Sydney's property market presents the RBA with a two-speed economy dilemma.
Another rate cut later this year could certainly help Australia's sagging economy, but what are the consequences for Sydney's property boom?
Dealing with Sydney's hot property market is the greatest challenge currently facing the Reserve Bank of Australia, writes property advisor Richard Wakelin in today's The Australian Financial Review. "If Sydney could be wished away, the RBA would have little compunction in cutting the cash rate aggressively to support a sagging Australian economy. But what we see at the moment is an RBA that is still cutting, while showing some trepidation about what will happen to the Sydney property boom," writes Wakelin.
While other policy measures could be implemented to specifically target Sydney—such as the state government increasing stamp duty or Sydney councils reducing the red tape around planning and redevelopment of vacant land—Wakelin believes the Sydney property boom might peter out in a benign way without the RBA keeping interest rates artificially high for the rest of Australia.

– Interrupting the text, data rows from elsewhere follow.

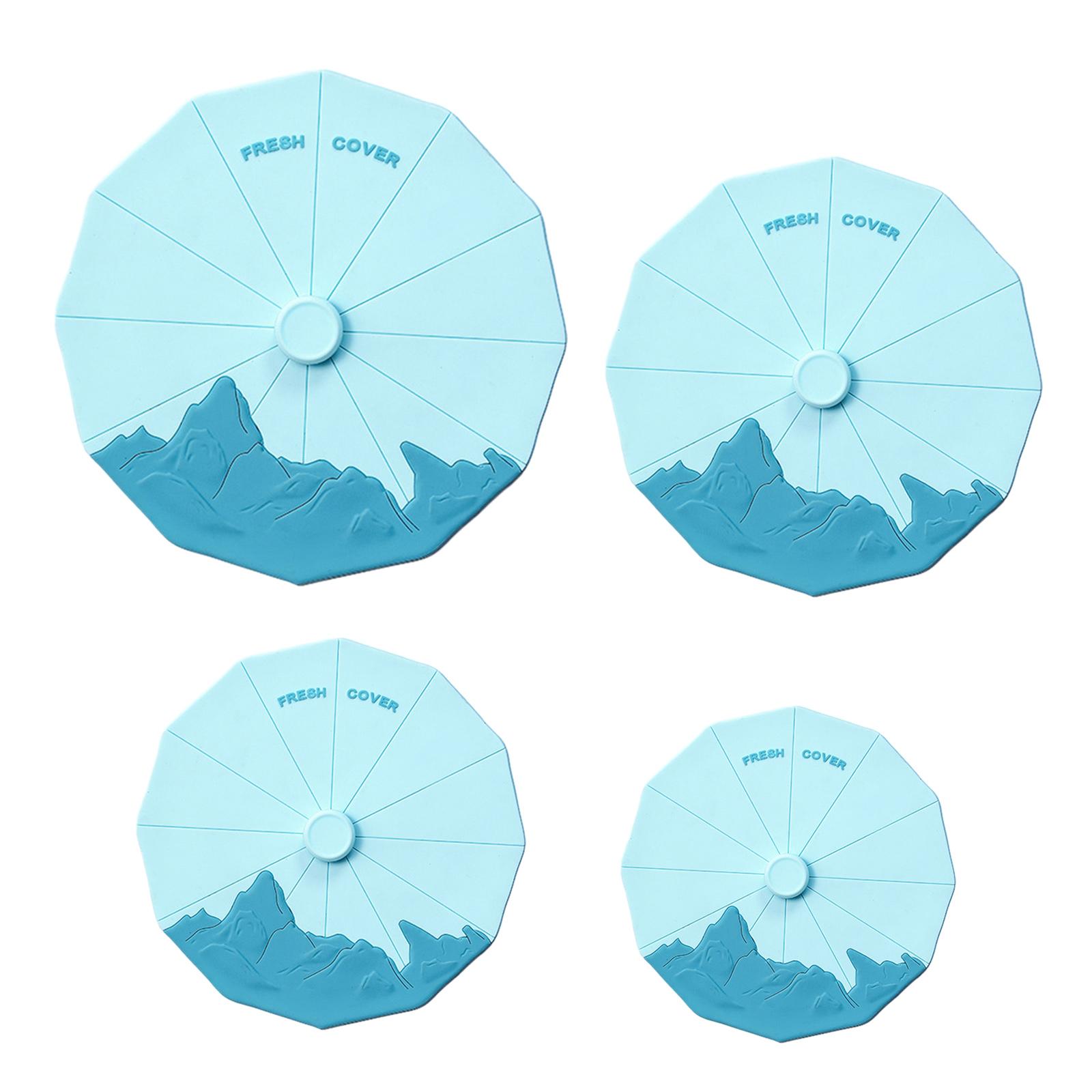 

Набор из 4 силиконовых крышек для мисок разных размеров, герметичные крышки для мисок, многоразовые крышки с вакуумной присоской для кастрюль и чашек синий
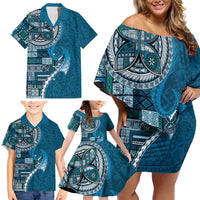 Samoan Siapo Art Tattoo Polynesian Pattern Family Matching Off Shoulder Short Dress and Hawaiian Shirt Teal Color - Polynesian Pride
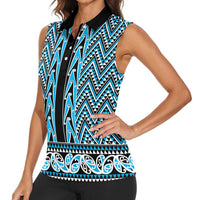 New Zealand Maori Niho Taniwha Women Sleeveless Polo Shirt Kikorangi Mangopare and Puhoro Pattern LT9 - Polynesian Pride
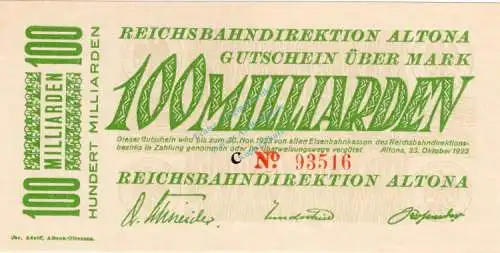 Altona , Banknote 100 Milliarden Mark Schein unc-kfr. Keller 80.m , Schleswig Holstein 1923 Inflation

"To some extent, we may well be seeing a return to normal circumstances where Sydney property enjoys a 20 per cent premium over its southern counterpart due to higher incomes, a larger population and a greater scarcity of land," writes Wakelin.
Meanwhile, a research report commissioned by the Property Council of Australia and based partly on data from the Australian Bureau of Statistics reveals that Sydney is facing a housing crisis. There is a shortfall of 190,000 homes needed to house Sydney's growing population over the next 10 years, reports The Daily Telegraph, and Sydney councils have failed to approve new dwellings fast enough to meet this demand. “Sydney councils need to turbocharge housing supply because right now homebuyers and our economy are paying the price,” NSW Property Council executive director Glenn Byres said. “Home building is critical to the state’s economy — and supports tens of thousands of tradespeople and other workers. If we fail to keep pace with demand, we drive up prices and make housing less affordable for the next generation of homebuyers.”